The Singapore government is paying UK startup creator Entrepreneur First (EF) to launch its company-building programme in Singapore, Business Insider has learned.
EF, founded by Matt Clifford and Alice Bentinck in 2011, provides deeply technical people with £17,000 in pre-seed funding so they can build a technology startup over a six month period. In return, it takes an 8% equity stake.
During the six months, members of the cohort team up with like-minded people on the EF programme and cofound a company with mentoring and support from the EF network. They also get a desk to work from.
EF, which plans to launch its programme in Singapore this October, raised £8.5 million last July from a range of investors. However, none of that money is being used for the expansion. Instead, the bill is being picked up by Infocomm Investments, a venture capital unit funded by the Singapore government to the tune of $200 million (£141 million). Infocomm Investments did not disclose how much it is giving EF for the expansion.
The Singapore government hopes the launch of EF in Singapore will fuel startup development in the island-state and encourage more young Singaporeans to pursue a career in technology as opposed to finance or professional services — the industries Singapore has become famous for.
Representatives from Infocomm Investments and the Singapore government attended an event in London this week to mark what is EF’s first overseas foray.
Speaking at EF’s new London space, a former biscuit factory in Bermondsey, Singapore’s Deputy Prime Minister and Coordinating Minister for Economic and Social Policies, Tharman Shanmugaratnam, said Singapore needs to get more people interested in building innovative young companies.
“Entrepreneur First is a very interesting model that will be a useful addition to our ecosystem in Singapore,” said Shanmugaratnam. “There’s potential not just to create startups but also to change perceptions as to what the more desired career paths are in Singapore. That’s a very important part of what we’re trying to do.”
Steve Leonard, chairman of Infocomm Investments, told Business Insider: “I met Matt and Alice a couple of years ago, so having watched their journey, it became more clear that what they’re doing is something we could benefit from.”
It’s understood that Clifford and Bentinck initially refused to expand to Singapore because they wanted to focus on growing the UK operation but they came round to the idea eventually .
Leonard said: “They met a bunch of students in Singapore and came back and said ‘you know what there’s actually a lot of raw material there in terms of [talented] young kids and money.'”
Clifford and Bentinck denied that they were expanding EF to Singapore purely because that’s where Infocomm Investments, now one of its largest backers, is based.

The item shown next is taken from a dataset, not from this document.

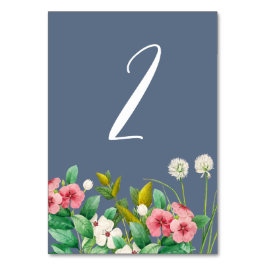 Numéro De Table Fleur sauvage Periwinkle Dusty Blue Mariage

Clifford, who is also CEO of EF, said, “Entrepreneur First is the biggest creator of startups in Europe, and we have ambitions to be even bigger. We started with the vision that the best and most ambitious people will be founders. When talking about talent, innovation and the desire to create startups, Singapore is second to none.”
“With the strong support of Infocomm Investments, our first international office in Singapore marks a new chapter for us and we are extremely excited.”

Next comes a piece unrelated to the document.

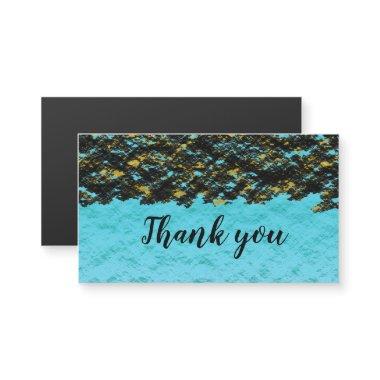 Teal Blue Black Gold Patterns Abstract Thank You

To date, EF has built 45 startups which have raised over $60 million (£42 million) in venture capital funding. Collectively, these startups are now worth more than $250 million (£176 million), EF claims. The portfolio includes deep tech firms (Magic Pony Technology, Adbrain, and Tractable), marketplaces (Hubble, ClickMechanic), consumer products (Prizeo, Code Kingdoms), and hardware (Balze, Pi-Top, Speakset).